Writing is always work, but sometimes it’s fun too. Or maybe that’s not the right word. Carousels are fun. Conventions are/can be fun. Writing is something beyond that. I feel relieved after a good writing day. Pleased. Justified, as if I’ve earned my oxygen for the day. I even feel that after a not so good writing day, because at least I tried.
Then there are days like I’ve had lately. What I’ve taking to call the “Gordian Not” days. Slight pun, since it’s not quite a Gordian Knot. Knots are easy by comparison. If you can’t untie one, you can always cut it, and a pair of scissors will work if no swords are handy. This is different. This is a Gordian Not. As in, you are NOT proceeding with this story until you solve this problem.
It’s no secret that some scenes are easier to write than others. There’s no shame in saving a difficult scene for another day when you’re feeling stronger. If you know what comes next, just write the next part and come back to the passage that, for whatever reason—drama or unpleasantness or whatnot—you just aren’t up for now. Gordian Nots are different. Gordian Not passages are worse than difficult. They are crucial. You literally do not know what comes next until you know how this one stubborn scene is resolved. Everything depends on it.

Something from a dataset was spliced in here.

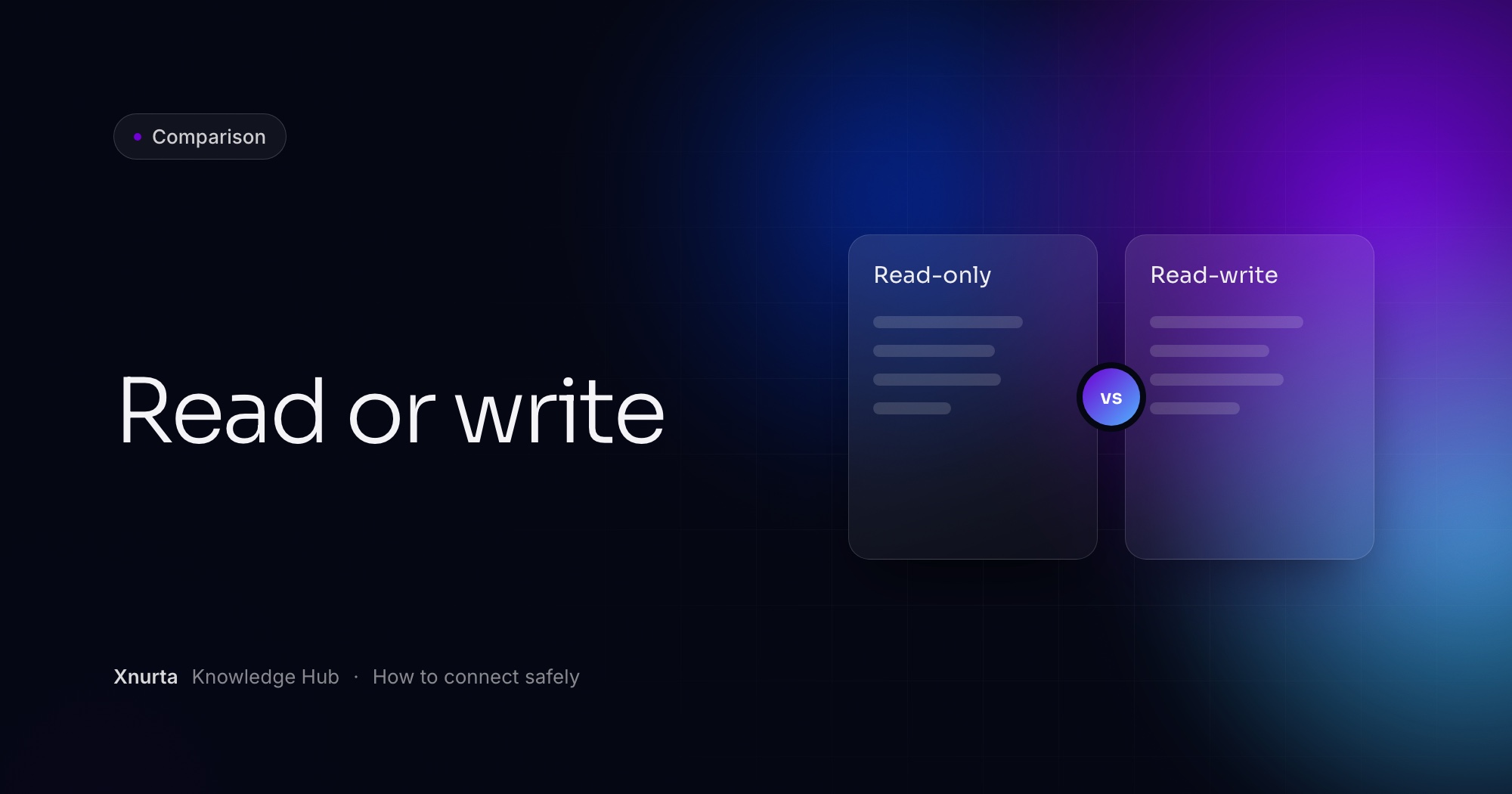 Xnurta Knowledge Hub cover: "Read or write" on a dark navy gradient, with panels comparing Read-only and Read-write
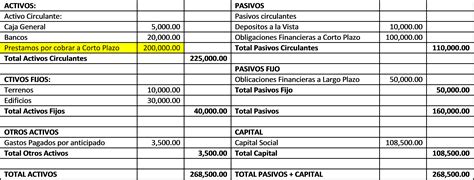 Cuentas De Orden Curso De Contabiliad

And you, scrivener, do not yet have its measure, and there’s no guarantee that you ever will.
Gordian Nots can kill stories in their cradles, and novels in the nursery, and have. I still have stories I can’t sort out…yet. I think most writers do.
For example, I have been hung up on the current project, a (mere?) novella. I have written novels in less time than this novella has taken, all because of a Gordian Not. Which, thank the patron saint and all the ancestors, I finally unraveled last night. I think I’ll be able to finish the story now. Finally.
As long as I don’t run into another Gordian Not.